F2Pool Founder's Crypto Wallet Startup Raises $13 Million in New Funding

Cobo, a Beijing-based cryptocurrency wallet startup, has closed a $13 million Series A funding round in its bid to expand its services overseas.

The company announced the latest equity financing on Wednesday, which is backed by Danhua Venture Capital, the NEO Foundation and Wu Capital, a China-based family office and limited partner in funds created by investment firms like Sequoia China.

Launched in November 2017, Cobo was founded by Mao Shixing, a.k.a Discus Fish in the Chinese crypto community, and a former Google and Facebook engineer named Jiang Changhao, whose previous crypto wallet startup Bihang was acquired by OKCoin in 2013.

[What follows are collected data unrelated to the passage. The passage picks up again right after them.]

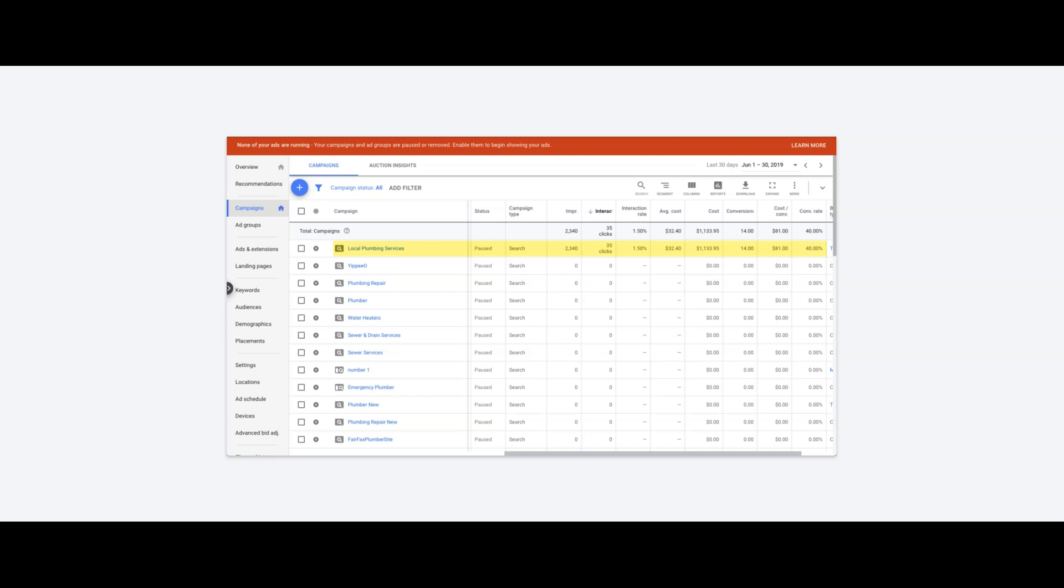I think we went through about four landing page variations of testing and tweaks before we got to 40%. He started out of the gate pretty good—I think he started at like 23 or 24%—so he was already doing well. But the ad groups and the keywords are what's really driving this conversion rate.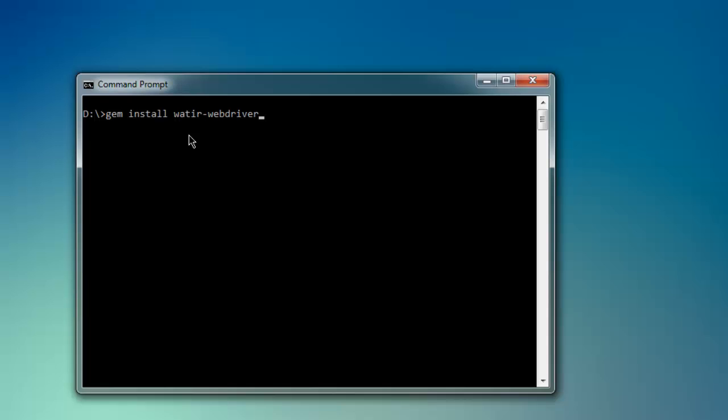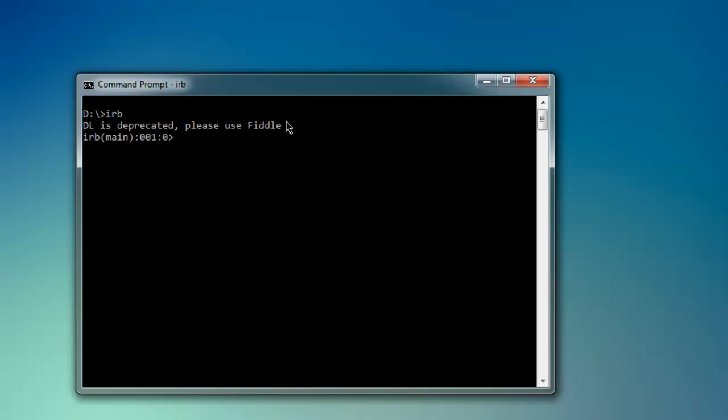Once you go through the installation process, you'll be able to execute Watir-related commands inside your Ruby interpreter. Type in irb on your console or command prompt. This should bring up the Ruby interpreter. Then type in require watir-webdriver.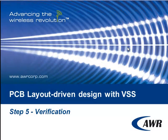Welcome back to our final installment for PCB layout driven design with VSS. In this step we're going to look at verification, our final step in the design flow.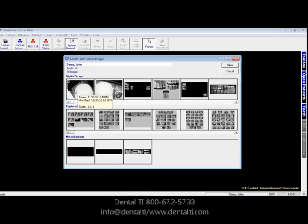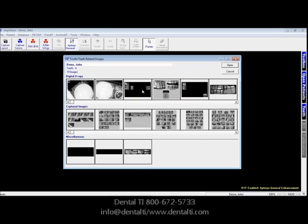These individual images have tooth numbers 2, 3, and 4, so 4 is part of that. And these layouts actually have bite wings in here that have 4 as an annotation as well.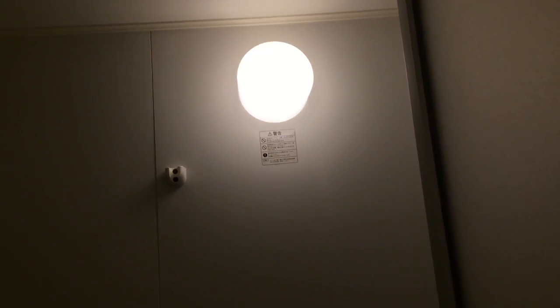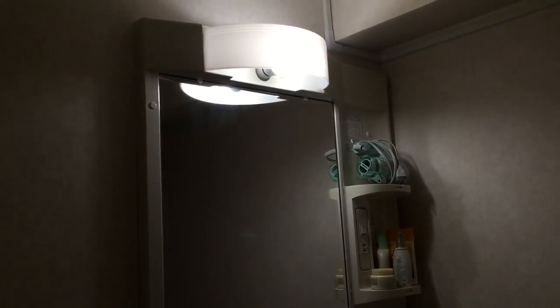Here we have a little look at some of the lighting and this prefab bathroom in our vacation apartment in Japan.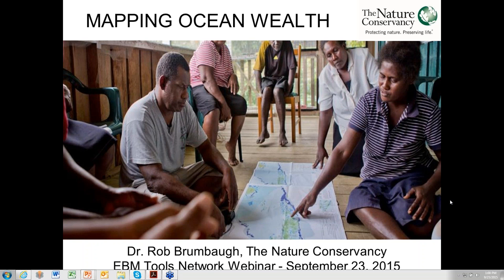Hello, everyone. My name is Sarah Carr, and I'm coordinator for the Coastal Marine Ecosystem-Based Management Tools Network. I'd like to welcome everyone here today. This webinar is also co-sponsored by OpenChannels.org and the Marine Ecosystems and Management Newsletters. We have Nick Wehner from OpenChannels representing those groups, and he's also co-hosting. We'd like to welcome Rob Brumbaugh from the Nature Conservancy, who's going to be speaking about mapping ocean wealth.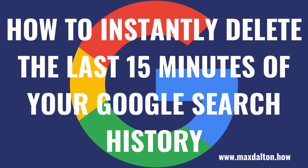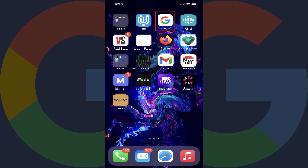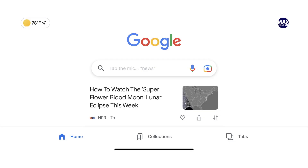Now let's walk through the steps to instantly delete the last 15 minutes of your Google search history on your iPhone, iPad, or Android device. Step 1: Launch the Google app on your iPhone, iPad, or Android device. As a reminder, it's not possible to instantly delete the last 15 minutes of your Google search history any other way but through this app. If there's any part of your Google search history you want to delete, I'll link to my video in the description that will show you how to do that.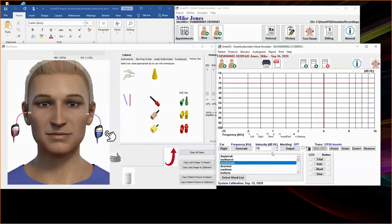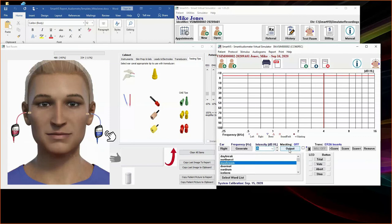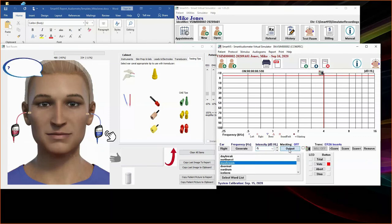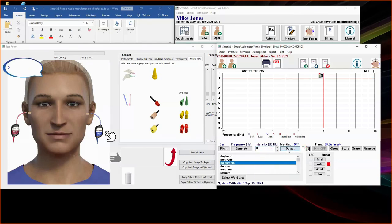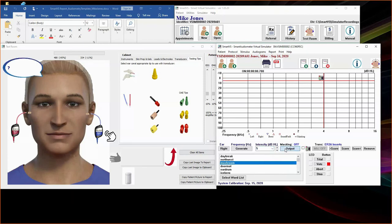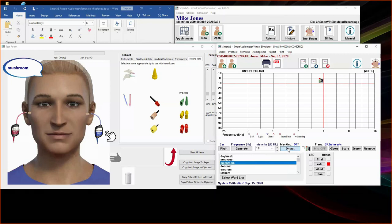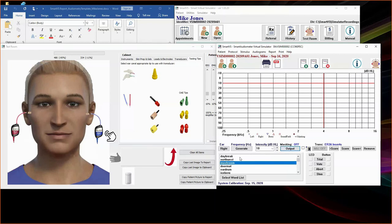So let's go to a second Spondee. Go down to minus 5 to begin the threshold search. We output. Patient does not understand the word. Go to 0. Patient does not understand the word. And 5. Patient does not understand the word. 10. Patient understands the word. So now we have reached the criteria of two Spondees correctly identified. They were both identified at 10 dB. So the SRT for the right ear is 10 dB. And you would repeat the same for the left ear.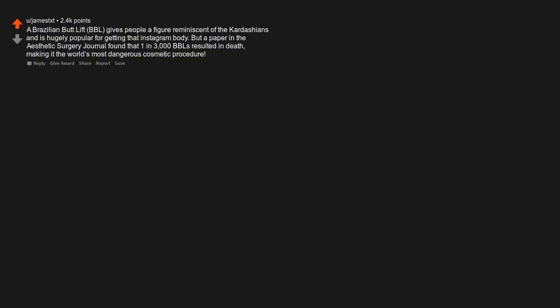A Brazilian butt lift, BBL, gives people a figure reminiscent of the Kardashians and is hugely popular for getting that Instagram body. But a paper in the aesthetic surgery journal found that 1 in 3,000 BBLs resulted in death, making it the world's most dangerous cosmetic procedure.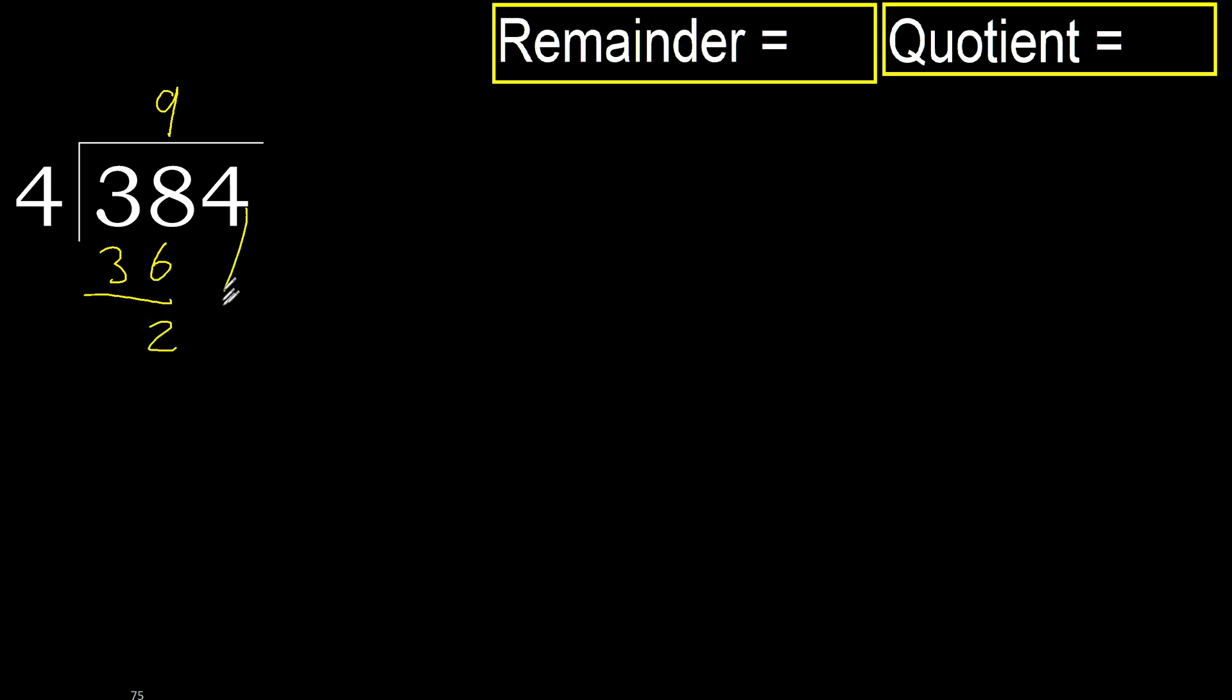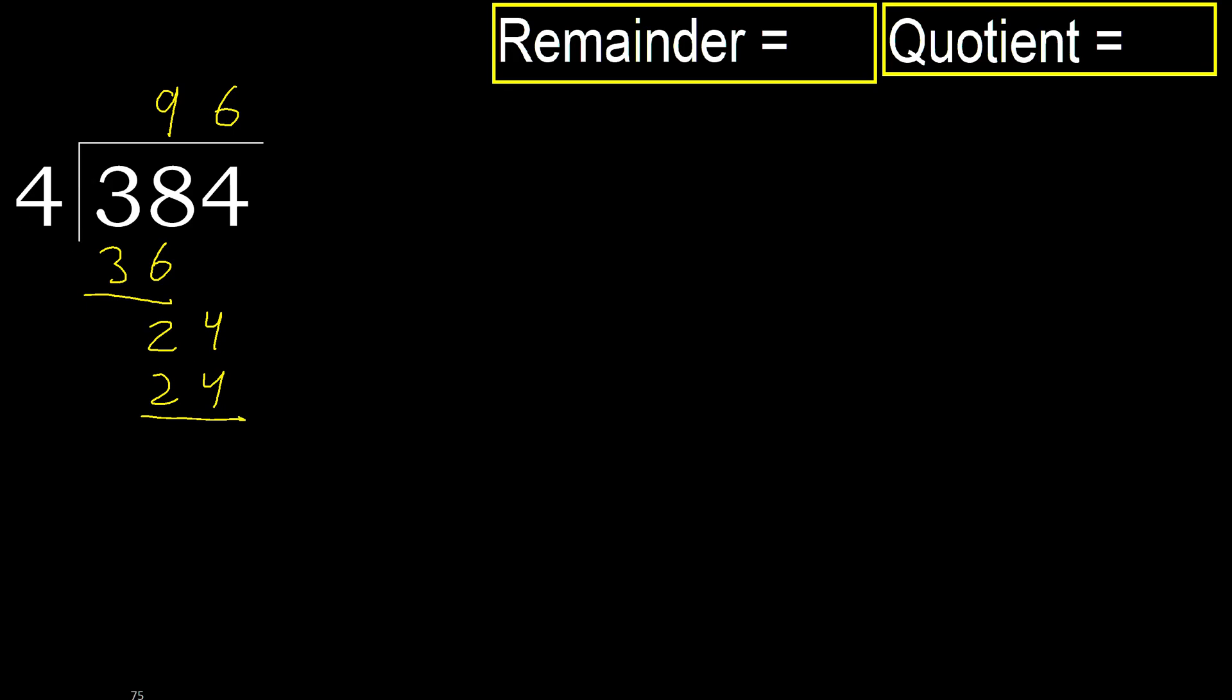Next. 24. 4 multiplied by 7, 28 is greater, multiplied by 6, 24 is not greater, ok. Subtract 24 minus 24, 0.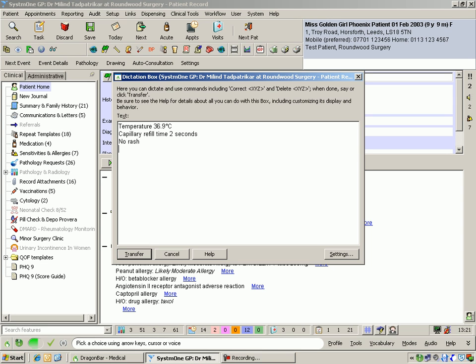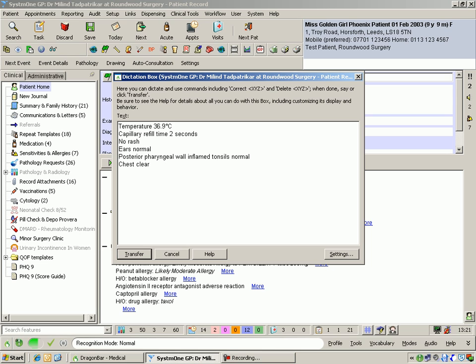Ears normal. Posterior pharyngeal wall inflamed, tonsils normal. Chest clear, no intercostal recession. Heart sounds normal.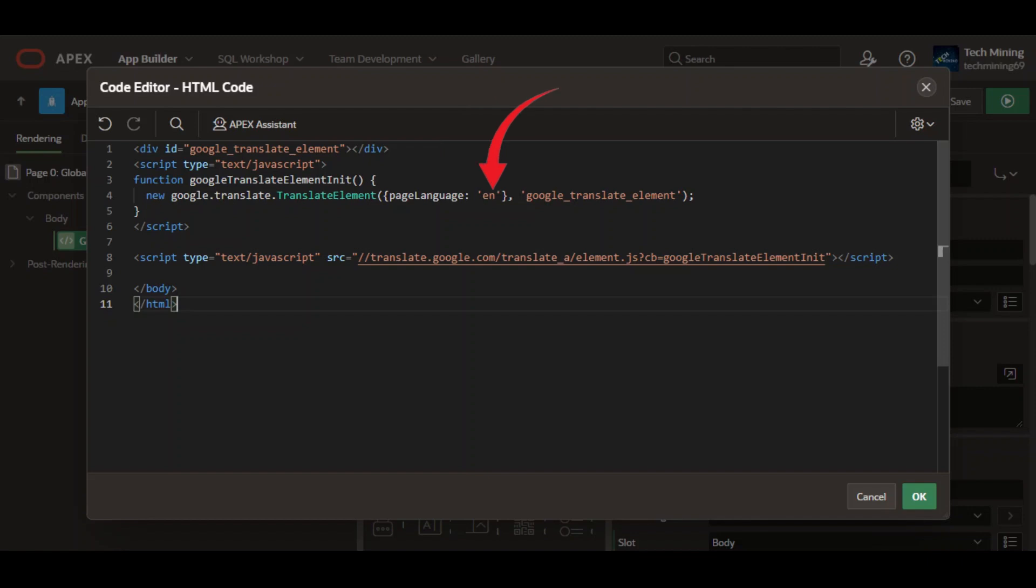Here it's set to English. You can change this to another language code. This argument tells the function where to place the translated content.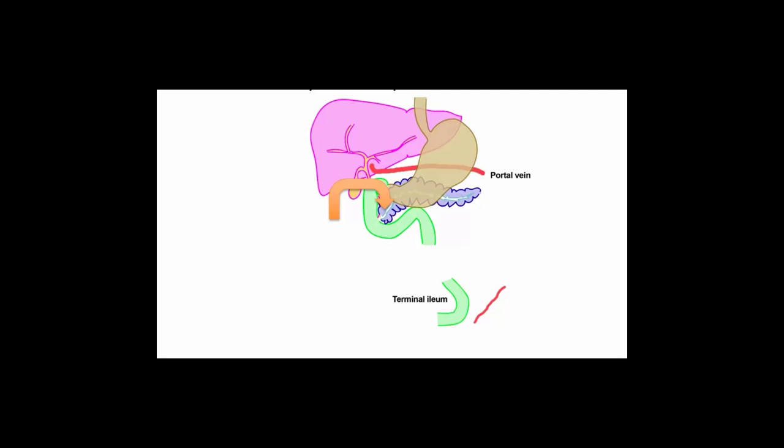The fat gets absorbed, and the bile acids continue on their way down through the small intestine until they reach the terminal ileum. And once they reach the terminal ileum, they can be absorbed through the epithelial layer and taken up by surrounding blood vessels, from which they then return to the portal vein, to the liver, and are excreted again into the biliary system and back to the gallbladder. So that's the enterohepatic circulation through which bile salts are conserved to be reused.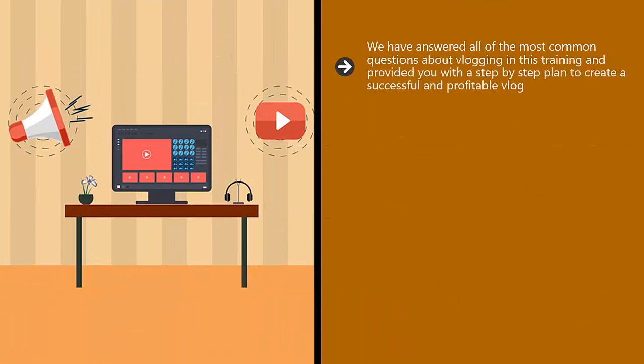We have answered all of the most common questions about vlogging in this training and provided you with a step-by-step plan to create a successful and profitable vlog. You need to take action and be totally committed to your new vlog. It's going to take some time and effort to get where you want to be.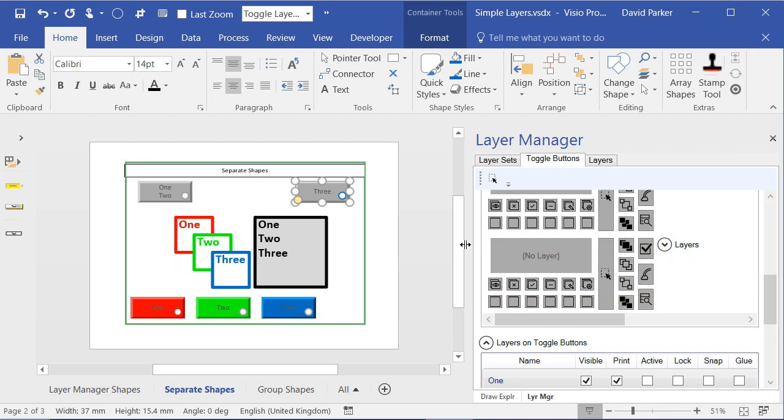So that's one little action you can do if you purchase Layer Manager from BVisual. Now we're going to move on to something else.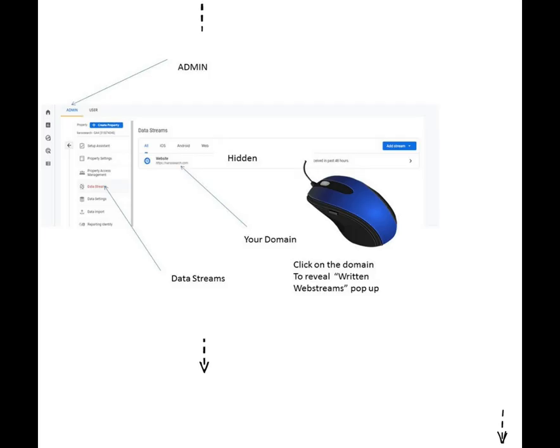You will see all the accounts that you have registered with Google Analytics, and this includes Android and iOS apps. Your domain name will also be shown here. Click on it and you will be redirected to a pop-up that says web streams.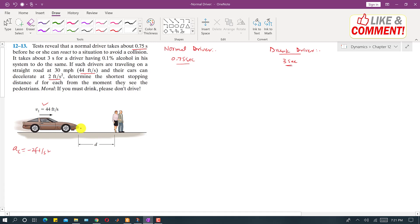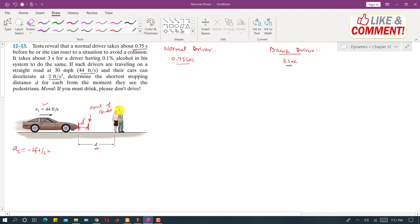We have to determine the shortest stopping distance d from the moment they see the pedestrian. First, we need to find the initial distance the car travels before the brakes are applied — let's call this d'. This is the distance the car covers during the driver's reaction time, after which the brakes are applied. So d' is the distance traveled at constant velocity until brake application.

Mao is also an early-stage bitcoin investor who dropped out of college at the age of 23 to found F2Pool in 2013, one of the earliest mining pools in China that now owns about seven percent of the global bitcoin hash rate.

Cobo, which now has about 60 people on staff, said the wallet service has been able to amass around 500,000 users – 80 percent of whom come from China – since the app went live early this year, thanks to its offering of a staking pool feature.

In addition to cryptocurrencies based on the proof-of-work mechanism, the wallet also allows users to store proof-of-stake crypto assets and consolidate them as a pooled force to continue proof-of-stake mining and distribute block rewards to users on a proportional basis.

With the new capital, Cobo is eyeing an expansion of its services to other developing economies as the market in China has entered a "plateau," co-founder and CEO Mao told CoinDesk in an interview.

"We are now looking to recruit more engineers as we target to expand to Southeast Asian markets like Vietnam and Indonesia, as well as African countries," he said.

In addition, Liu Lixin, head of hardware at Cobo, said the company is launching Cobo Vault, a wallet product that the company touts to be "military grade."

Liu added that Cobo Vault features a self-destruction mechanism, which – upon detection of any physical force of removing the chip that stores private keys – will eliminate all the inside data. After that, users can only regain access to their crypto assets via mnemonic phrases – a set of words that can be translated into private keys.

Liu said the company has started the pre-order of the hardware with shipments scheduled around early December.

The new funding comes after Cobo raised a total of $7 million in a seed round in October and also a pre-A round in December last year, the company said.